It’s the dialectic of demonization. The de-demonization of the liberal, secular jew trying to weld the somewhat tenuous bond of the Judeo-Christian relationship and common heritage, cough, cough, after all didn’t our benevolent Pope comment that Mel Gibson’s The Passion of Christ “told it like it is.” Well, someone has to play the pharisee, someone has to be the semite in this game, someone has to be the asiatic element that cannot be assimilated. So, the hatred has to find a spitoon and in Israel it takes the form of the ultra-orthodox, the observant in general, but the “Haredim” as they are called in particular; a good old fashioned visible minority. Just like Europe and the secular elite gets to play the role of German burgher. But the old tropes cannot really be sustained anymore. Zionism has changed the dynamic of the religious, almost against their will…
The arrangement by which the ultra religious agree to be marginalized, in return for accommodation and financial favors, but letting the secular have free reign over running the state is starting to get frayed at the seams. For one thing, the status-quo is proving to be impractical for the Haredim. The huge families and need for more income means that to be a basket case, a charity case, a parasite, is no longer tenable. Also, their blissful ignorance of what the state does has seen the light, and they figure they can get more value for their citizenship through engagement. There are theological implications and and emotional of a jewish state and waiting for the messiah time can be filled in viably with a little attentiveness to what is transpiring in their backyard.
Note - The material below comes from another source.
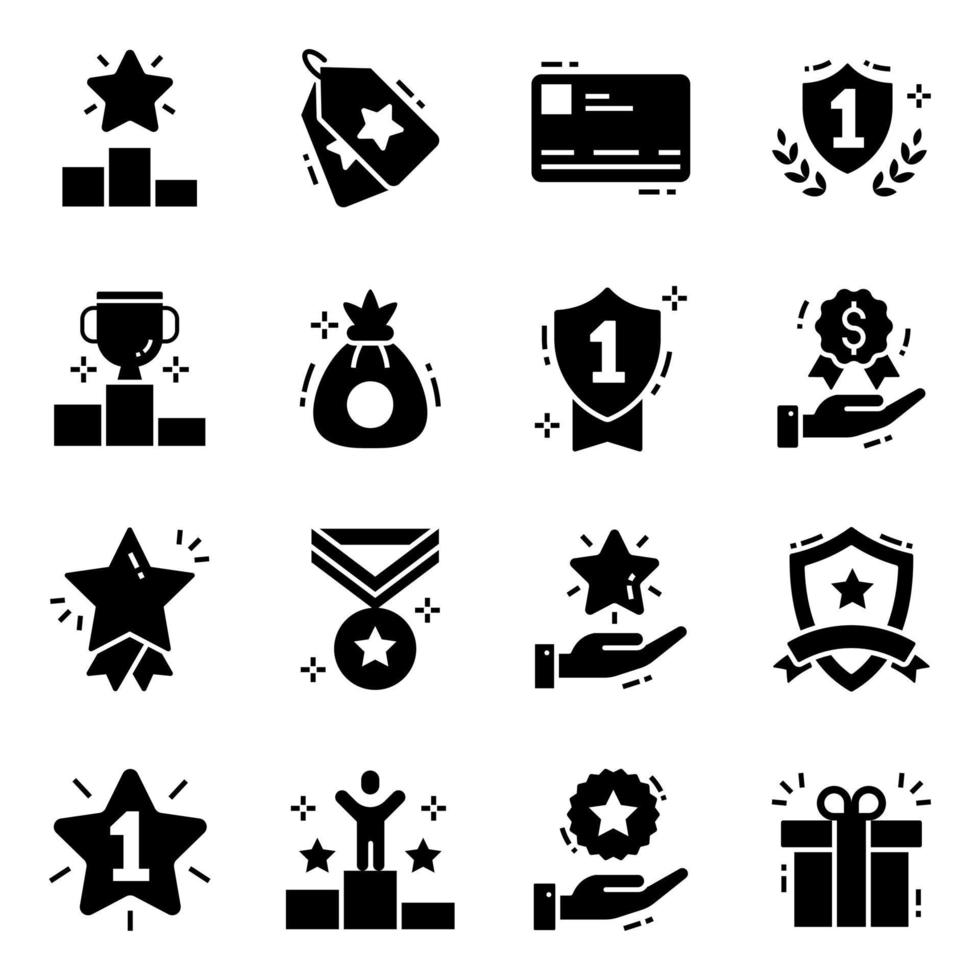 Rewards, Medals and Certificates vector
The transition of Haredim attitudes means a confrontation with an ambivalent relationship to which a secular society and their many mouthpieces: Yair Lapid, and all the major media, can resort to charges of pious exploitation; but this served the elite well.They were willing to accord them legal and financial dispensations, a free pass on army duty for staying out of their hair and now they can vilify them for same. The usual no-win situation that indemnified diaspora jews for centuries into a space between the tree and the bark.
And the secular mass public has some good arguments: The Haredim arrive at the conclusion that since he state is nominally Jewish, they are obliged to grant them these dispensations and perks, using the civil mechanisms as a pick and choose buffet table. There is a lot of posturing on both sides, and with their growing numbers, its almost economic suicide for the state to not re-align components in the relationship.
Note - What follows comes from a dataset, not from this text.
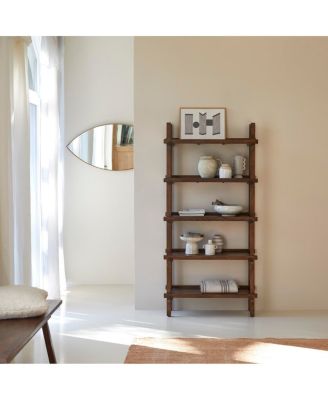 Arko bookcase in solid mango wood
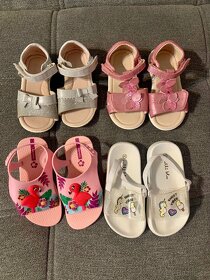 Dívčí sandále, pantofle, boty do vody - vel. 24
That aside, the visceral reaction, read blatant hatred of considerable numbers of Israelis to the Haredi occupying the same soil belies a sense of being threatened by this segment attaining political consciousness and acting within the secular sphere; there are some profound forces at work, significantly demographic and post Zionist, or a fading of those Zionist institutions and social projects which are no longer meaningful to many. The Haredim were always subversive, almost bohemian in their disregard for state convention, not working , living on entitlement etc. that could engender contempt in the smug knowledge they could be disregarded or viewed as a nuisance; however, if the Haredi rebelliousness is channeled towards new, more sensitive currents, it gives rise to anxiety, if these jews begin to exert their rights of emancipation.
It is ironic that some of the far left critique of contemporary Zionism accurately reflects the Haredi ideology vis a vis the state for at least fifty years. After all, their lifestyle is anti-establishment, almost counterculture: cohesive close community, looking for the spiritual high, attach little importance to work and the normative idea of success, dress weird, and overall reject the dominant culture. Aggressively. They are an unsettling threat to Israeli identity.